▶ _TASK DIRECTIONS_: The copy you give must match the lines from the top of the data through the line containing "血脂异常到什么程度要吃药,血脂异常吃药下不去" exactly, and it must hold no pictures.

▶ _DATA SHOWN_:
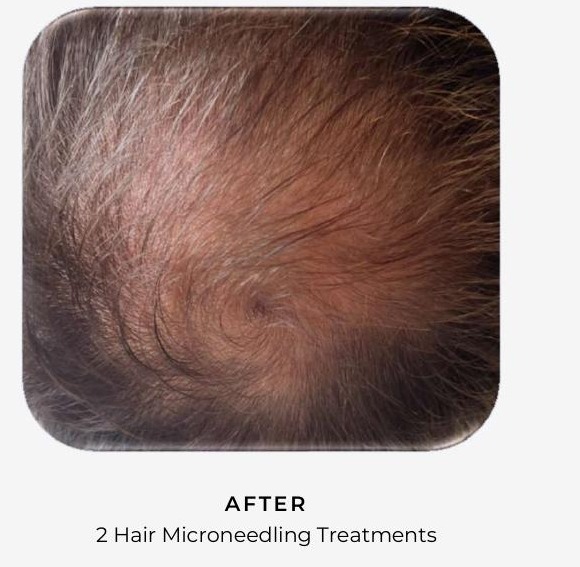 Crown area after 2 AnteAGE MD hair microneedling treatments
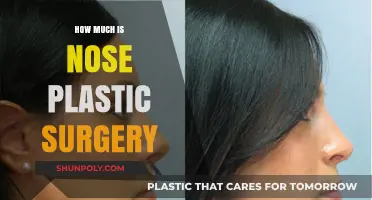 Nose Plastic Surgery Cost: What to Expect Financially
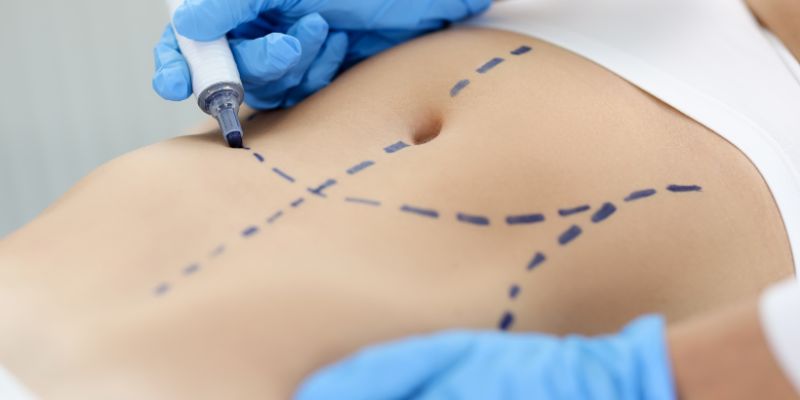 Caneta Cirúrgica Estéril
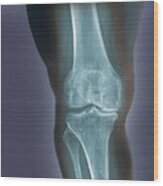 Arthritis Of The Knee #1 Wood Print
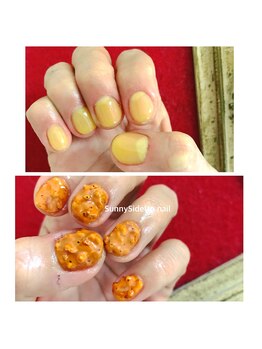 サニーサイドアップ ネイル(Sunny SideUp nail)/フライドチキンネイル
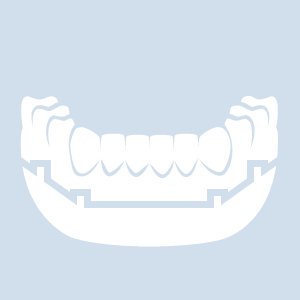 Stegprothese Abbildung einer Stegprothese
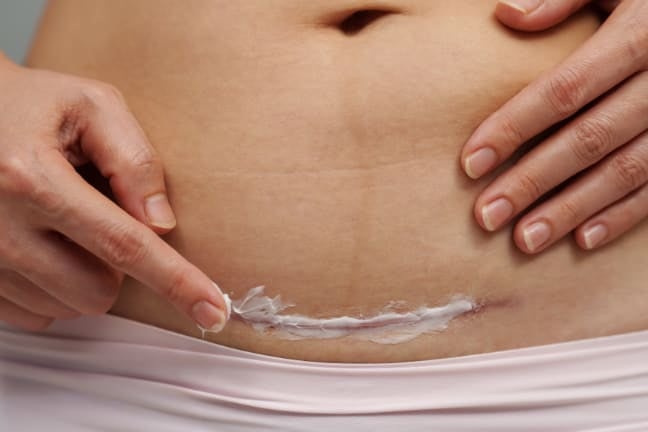 A mother cleaning her C-section scar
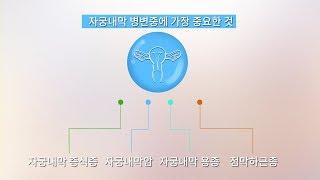 비정기자궁출혈의 원인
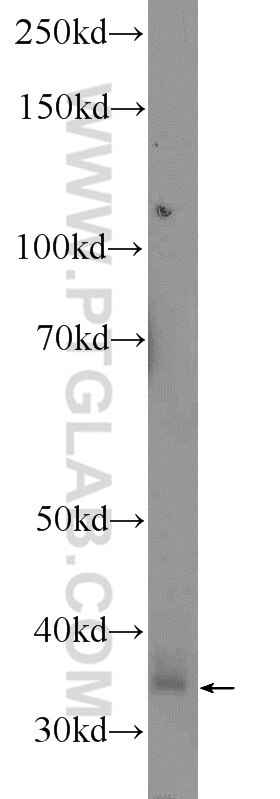 Western Blot (WB) analysis of mouse liver tissue using GNMT Polyclonal antibody (13495-1-AP)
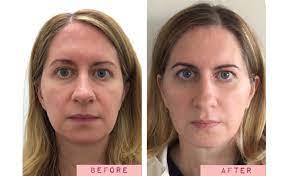 Before And After Face Yoga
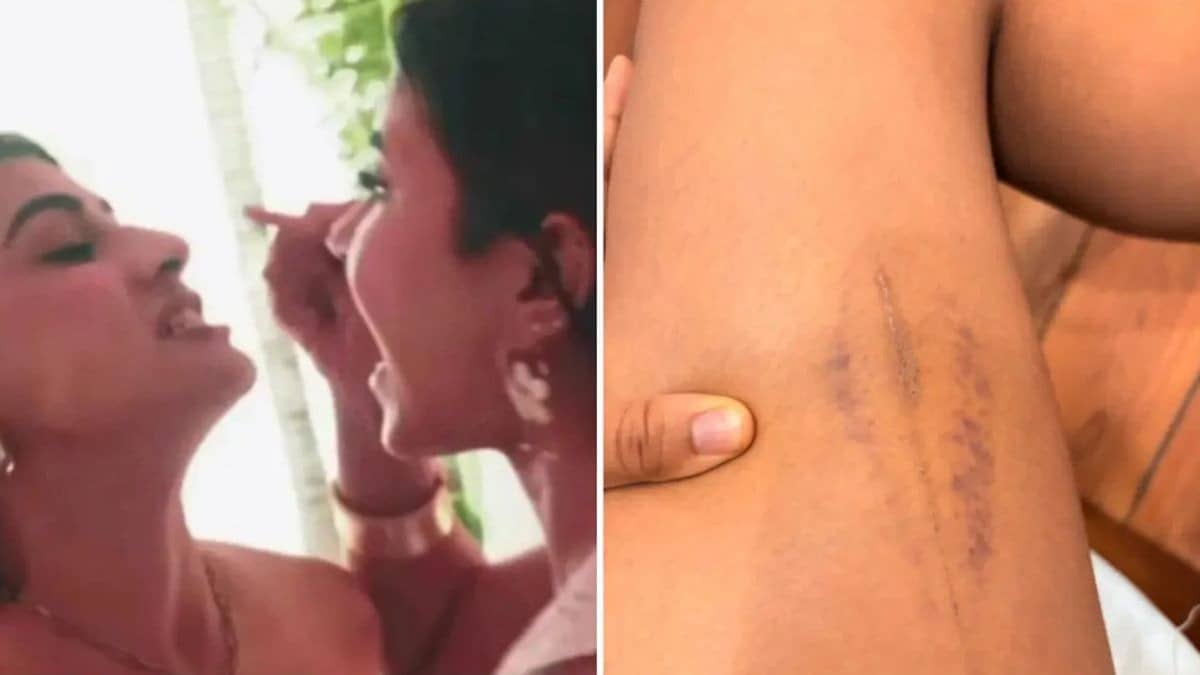 'सैंडल की हील्स से पिटाई, फाड़ दिए होंठ, खून से लथपथ जख्म...' दीक्षा ने हील मार-मारकर आकांक्षा को किया अधमरा, सनी लियोनी का फूटा गुस्सा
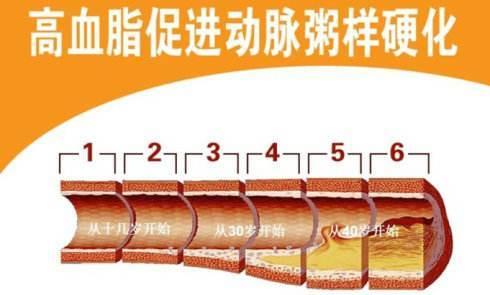 血脂异常到什么程度要吃药,血脂异常吃药下不去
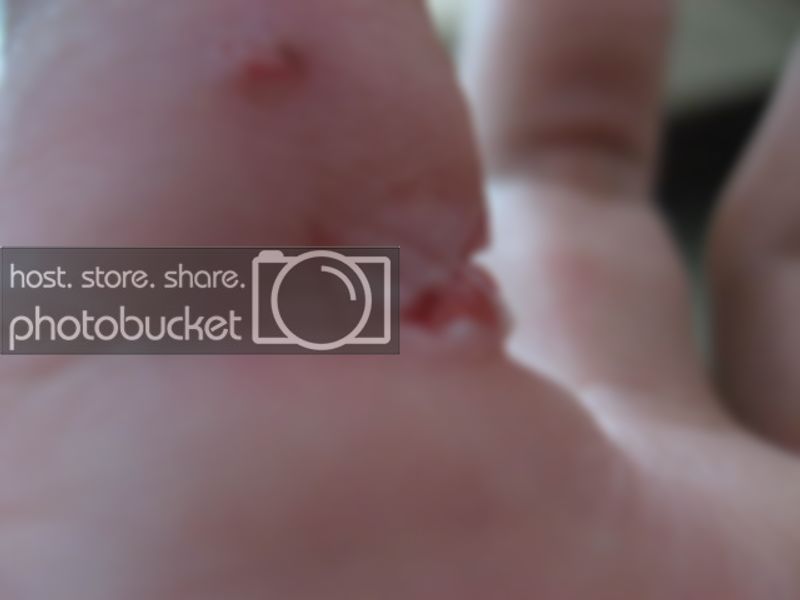 ouch002-2.jpg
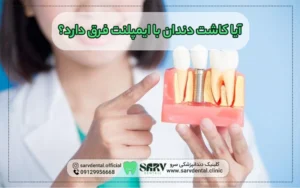 تفاوت کاشت دندان با ایمپلنت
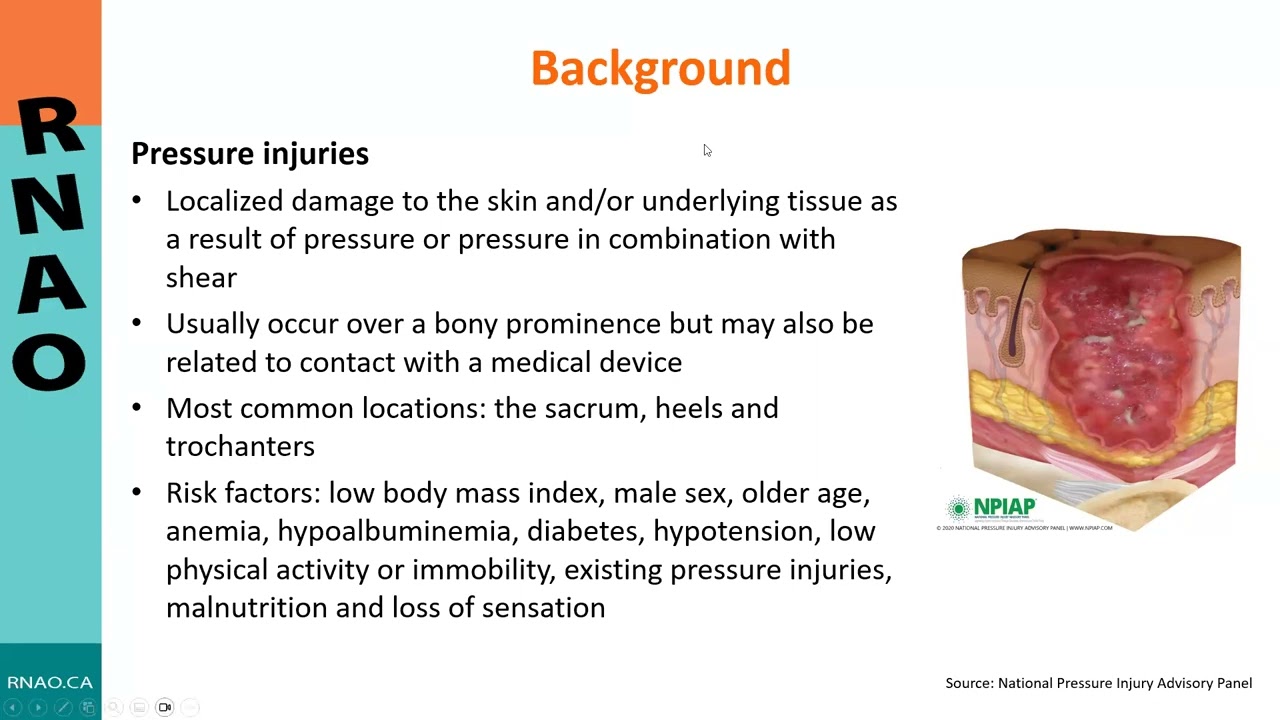 Introduction of the Pressure injury management: Risk assessment, prevention and treatment guideline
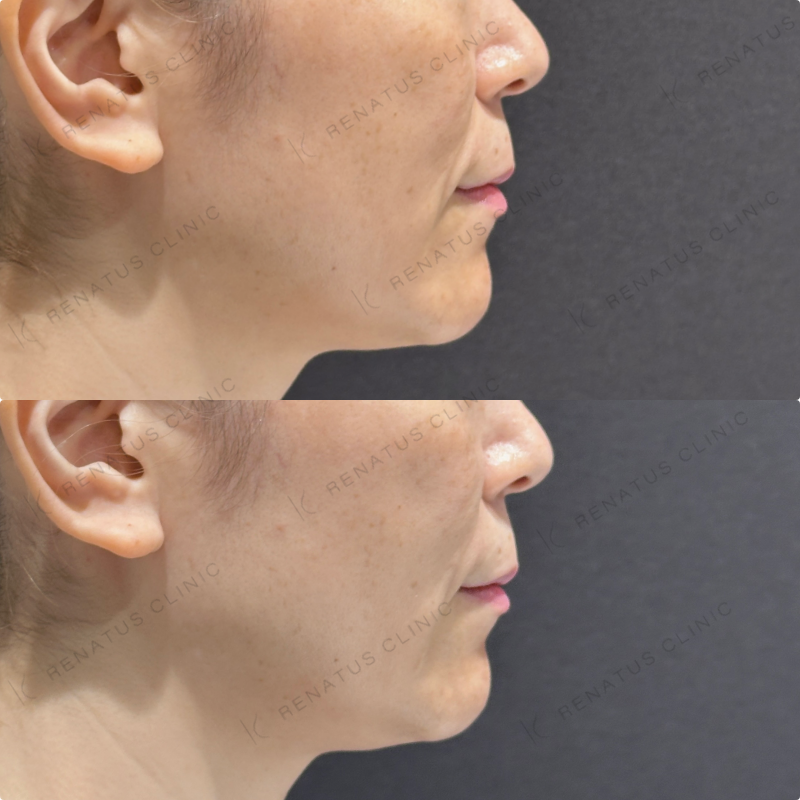 ほうれい線ヒアルロン酸ボリフト症例写真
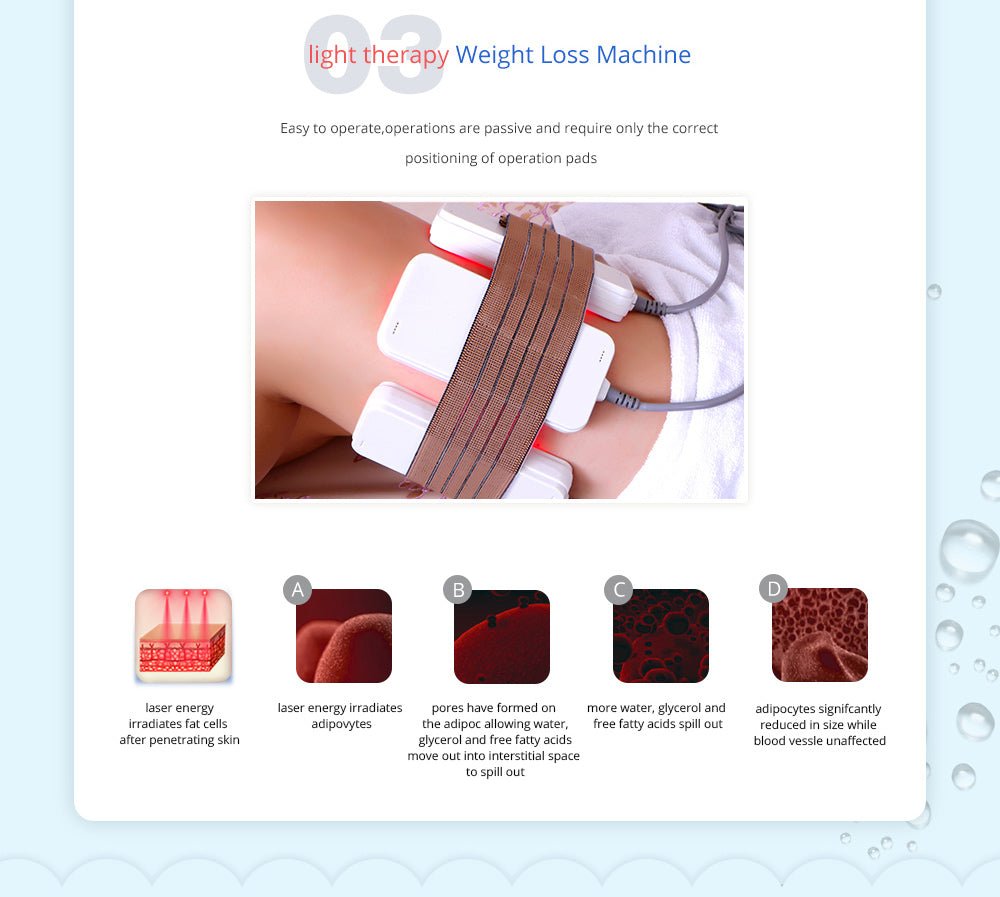 Shape Tactics 5-in-1 Cavitation Cryolipolysis Lipo Laser System – Cavitation Machines, view 7
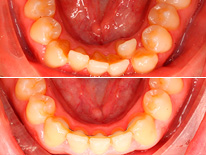 ortodonciaapinamientoclase3invisalign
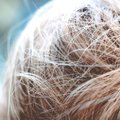 Karm, aga tõsi: eestlaste juukseid räsib enim väljalangemine ja hõrenemine — kuidas probleemile lahendus leida?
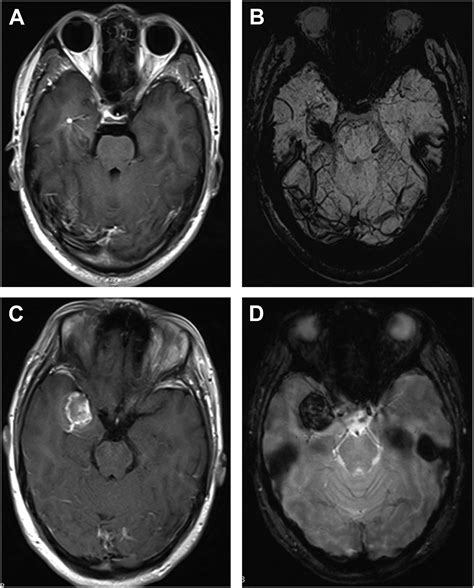 Developmental Venous Anomalies - Neurosurgery Clinics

▶ _RESPONSE TO THE EXERCISE_:
 Crown area after 2 AnteAGE MD hair microneedling treatments
 Nose Plastic Surgery Cost: What to Expect Financially
 Caneta Cirúrgica Estéril
 Arthritis Of The Knee #1 Wood Print
 サニーサイドアップ ネイル(Sunny SideUp nail)/フライドチキンネイル
 Stegprothese Abbildung einer Stegprothese
 A mother cleaning her C-section scar
 비정기자궁출혈의 원인
 Western Blot (WB) analysis of mouse liver tissue using GNMT Polyclonal antibody (13495-1-AP)
 Before And After Face Yoga
 'सैंडल की हील्स से पिटाई, फाड़ दिए होंठ, खून से लथपथ जख्म...' दीक्षा ने हील मार-मारकर आकांक्षा को किया अधमरा, सनी लियोनी का फूटा गुस्सा
 血脂异常到什么程度要吃药,血脂异常吃药下不去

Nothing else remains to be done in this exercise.